§ **Work item**
Look below for the line with "natural couture(ナチュラルクチュール) 【canami】前後2way花柄ドッキングニットワンピース" and the line with "Legends Don't Give"; repeat exactly those two lines and all lines between them, but no pictures.

§ **Input data**

Start of Block

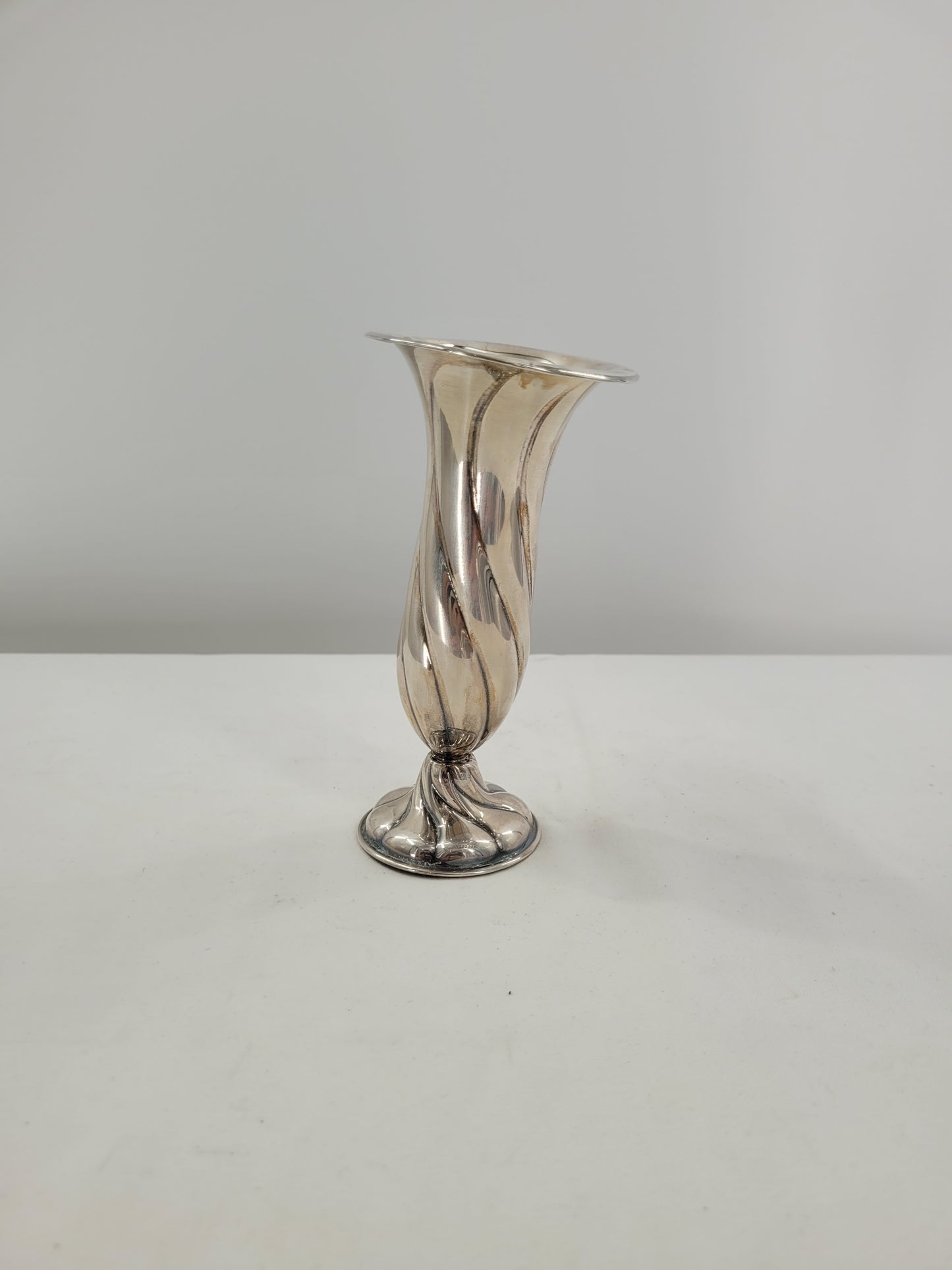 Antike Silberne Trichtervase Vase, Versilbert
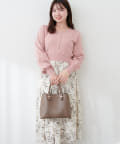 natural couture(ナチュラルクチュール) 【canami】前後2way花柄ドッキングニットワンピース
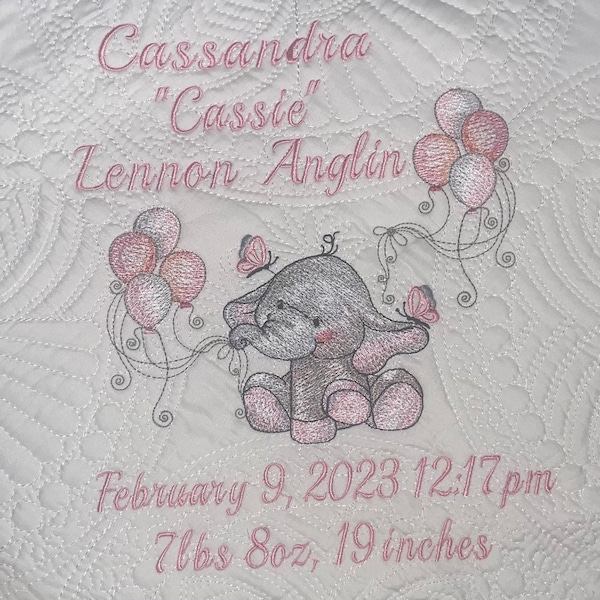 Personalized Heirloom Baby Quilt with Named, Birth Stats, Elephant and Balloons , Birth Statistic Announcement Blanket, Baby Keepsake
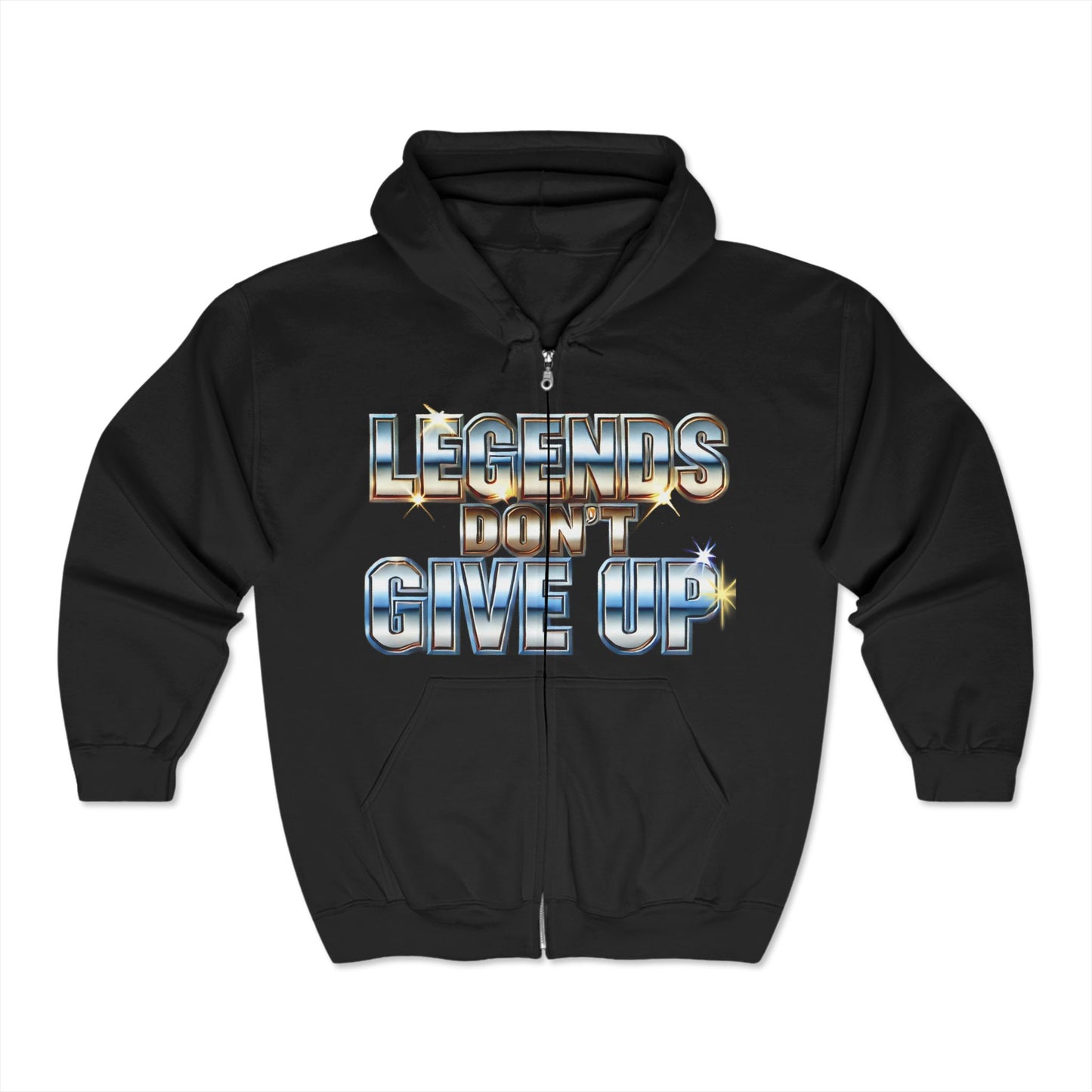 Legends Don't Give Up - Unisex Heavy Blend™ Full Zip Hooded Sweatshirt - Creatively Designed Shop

End of Block
Start of Block

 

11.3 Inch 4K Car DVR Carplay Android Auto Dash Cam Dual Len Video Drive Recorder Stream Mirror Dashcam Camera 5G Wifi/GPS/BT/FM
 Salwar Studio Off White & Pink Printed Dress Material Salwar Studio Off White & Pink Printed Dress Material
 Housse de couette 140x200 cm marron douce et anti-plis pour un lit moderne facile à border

End of Block

§ **Task response**
 natural couture(ナチュラルクチュール) 【canami】前後2way花柄ドッキングニットワンピース
 Personalized Heirloom Baby Quilt with Named, Birth Stats, Elephant and Balloons , Birth Statistic Announcement Blanket, Baby Keepsake
 Legends Don't Give Up - Unisex Heavy Blend™ Full Zip Hooded Sweatshirt - Creatively Designed Shop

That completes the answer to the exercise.